Just inside the redwood doors of the Maryland Academy of Dramatic Arts in Bethesda, a visitor is dazzled by bright yellow flyers that blare: "training makes the difference. Actors are not born. They prepared for their careers!"

On the wall to the left, newspaper clippings chronicle the successes of former students who have -- in the seven years the academy has been in operation -- earned bit roles in major movies, television shows and local productions.

Another wall is covered with awards and plaques. Over the years, the academy has received dozens, and in 1978 it won "the only endorsement of a private school the Montgomery County Federation of Teachers ever made," boasts the director, Ralph Tabakin.

Behind this proud display is a studio crammed with spotlights, television cameras, videotaping setups and 16 actors and directors. On this particular day, a "noncommercial, pre-pilot" taping of "The Case of Rape" is in progress.

It is a documentary of a mock trial designed to instruct para-legal professionals in courtroom techniques, and it is also a training ground for student actors.

Tabakin -- himself an accomplished actor, former program director and prime mover behind the formation of the Maryland Arts Council -- says this is only one facet of this "nonprofit, tax-exempt foundation for the performing arts."
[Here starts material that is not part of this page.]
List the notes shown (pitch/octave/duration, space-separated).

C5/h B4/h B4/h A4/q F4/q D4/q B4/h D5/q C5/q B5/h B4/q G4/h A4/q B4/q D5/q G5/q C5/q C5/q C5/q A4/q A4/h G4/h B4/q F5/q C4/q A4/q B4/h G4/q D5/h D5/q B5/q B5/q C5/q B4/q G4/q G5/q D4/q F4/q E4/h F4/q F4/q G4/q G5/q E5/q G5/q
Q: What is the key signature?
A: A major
The academy offers courses in crisis intervention, documentary production, talent marketing and professional confidence-building. It has three resident and touring companies in which to develop proficiency in these areas.
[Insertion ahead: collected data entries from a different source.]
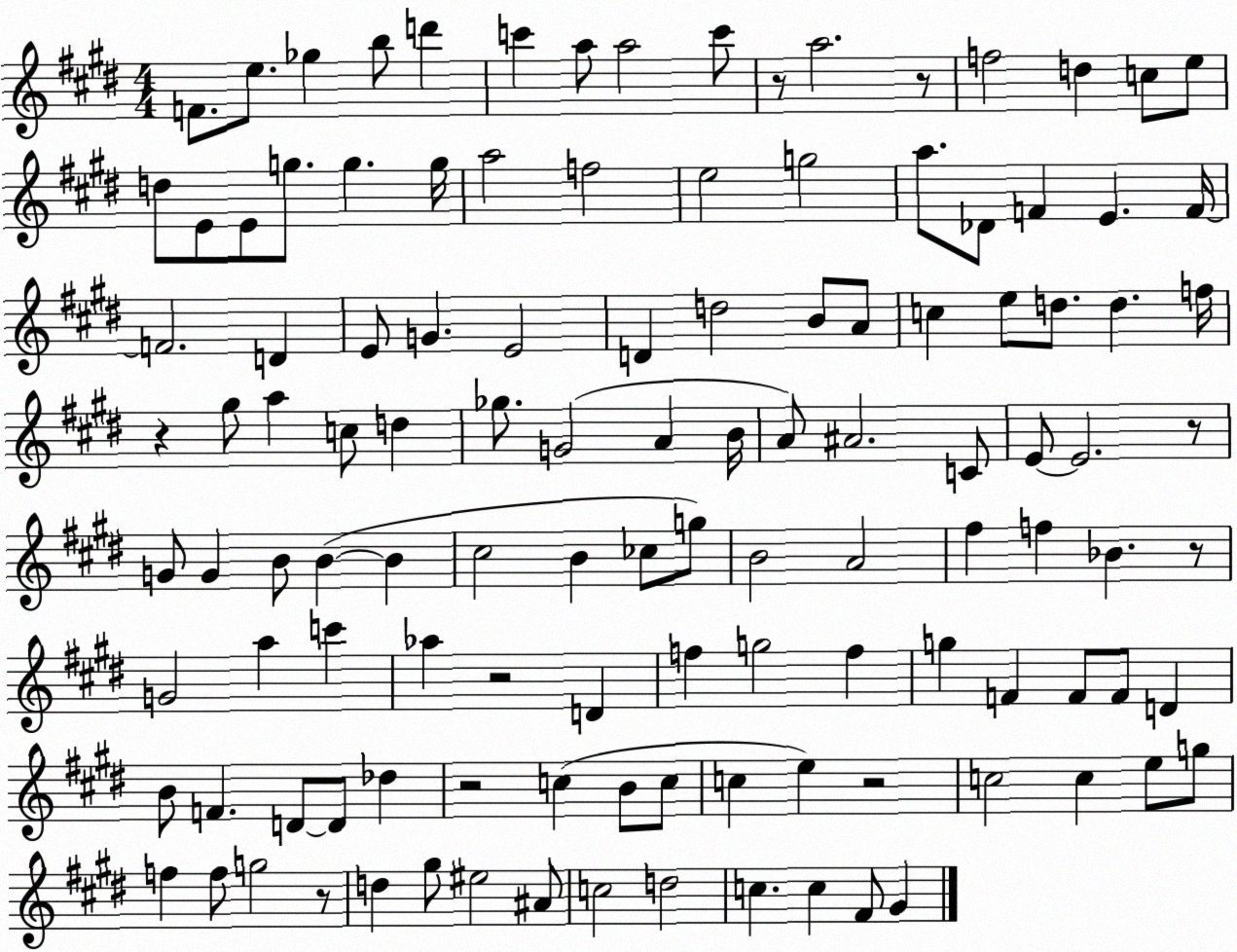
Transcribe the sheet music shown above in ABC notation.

X:1
T:Untitled
M:4/4
L:1/4
K:E
F/2 e/2 _g b/2 d' c' a/2 a2 c'/2 z/2 a2 z/2 f2 d c/2 e/2 d/2 E/2 E/2 g/2 g g/4 a2 f2 e2 g2 a/2 _D/2 F E F/4 F2 D E/2 G E2 D d2 B/2 A/2 c e/2 d/2 d f/4 z ^g/2 a c/2 d _g/2 G2 A B/4 A/2 ^A2 C/2 E/2 E2 z/2 G/2 G B/2 B B ^c2 B _c/2 g/2 B2 A2 ^f f _B z/2 G2 a c' _a z2 D f g2 f g F F/2 F/2 D B/2 F D/2 D/2 _d z2 c B/2 c/2 c e z2 c2 c e/2 g/2 f f/2 g2 z/2 d ^g/2 ^e2 ^A/2 c2 d2 c c ^F/2 ^G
The Maryland Children's Theatre presents light entertainment and serious dramas as educational experiences for both audiences and actors. The George Spelvin Experimental Theatre -- so named for H. L. Mencken's anonymous, behind-the-scenes theater character -- performs new plays by unknown playwrights and unknown plays by more familiar dramatists. The third company, Plays For Living, dramatizes community or industry-related problems. Often the companies perform free for PTA groups, nursing-home residents and country clubs.

Of the two dozen fulltime students, some are described as "just out of high school," or "average persons going to college." There are also construction workers, attorneys and foreign exchange students.

Most of them want to be actors-not bit players, but stars. Others are there to improve speaking and public relations skills.

Sculptor Bonnie Teague of Arizona says she is working on developing her own personality. "Many of us artists forget we must promote our art work at shows or receptions and be aware of what we're saying, doing. Everything about the overall effect needs to be thought through." Her goal is work at a gallery in New York or Atlanta.

Clint Mesle, after acting in high school, was disappointed with the theater department of a particular college. He turned to the academy and says he now is doing better.

A technical director for the academy and one of the first to be graduated from it, Jack Crowley, said, "You don't receive proper training in college. They're not teaching us where we can find work. After all, acting is 20 percent show and 80 percent business."

Teachers and executives who want to improve their public speaking come to the academy because it is "more private and casual than a college classroom."

Sandra Stephan was shy and not interested in college grades. "Besides," she submits, "this is closer to my home and I am better able to learn a craft." The academy does grade students midway through each of its semesters, and they are critiqued by a panel composed of members of performing arts unions.

Madolyn Doress, the academy's registrar, declares. "This is not a get-the-money-and-run operation. A student receives personalized attention, including those worthy students unable to pay the tuition. We like to get them out working as fast as possible."

The academy screens all applicants and accepts students of all ages. Class sizes are limited to a maximum of 10, and tuition is a fraction of what students would pay, even part-time, at any college.

The release-time theatrical program, consisting of three-hours of theater-arts training per day, allows high school students to earn extra credits while still in school.

Tabakin maintains the academy has supplied a sizable group of actors to the Washington-Baltimore-Richmond talent market, especially in the area of industrial films, and, he notes, "films need actors."

Tabakin says there are as many opportunities here as in the New York City area. "Many can practically earn a living just making the rounds of trade shows and ad agencies," he suggests.

But the academy has been "trying to stay low-key," he says, "because of the various theater schools in the area. With our credentials, we don't feel the need to compete for bodies." The academy has not been aggressive in seeking financial subsidies. "Multiple forms to obtain minuscule grants cannot justify the time spent on them," Doress explains.

Nonetheless, significant grant recognition would be welcomed, because it would allow for the purchase of more expensive equipment, and expansion.

Joseph pinckney, an acting coach and longtime professional acquaintance of Tabakin, calls the academy "a one-of-a-kind place." He speaks of the personal pride, time and effort Tabakin invests in each student's training.

Watching Tabakin nervously tugging at his director's cap, shifting his pipe, in his mouth as he corrects and compliments each performer, one is convinced of it.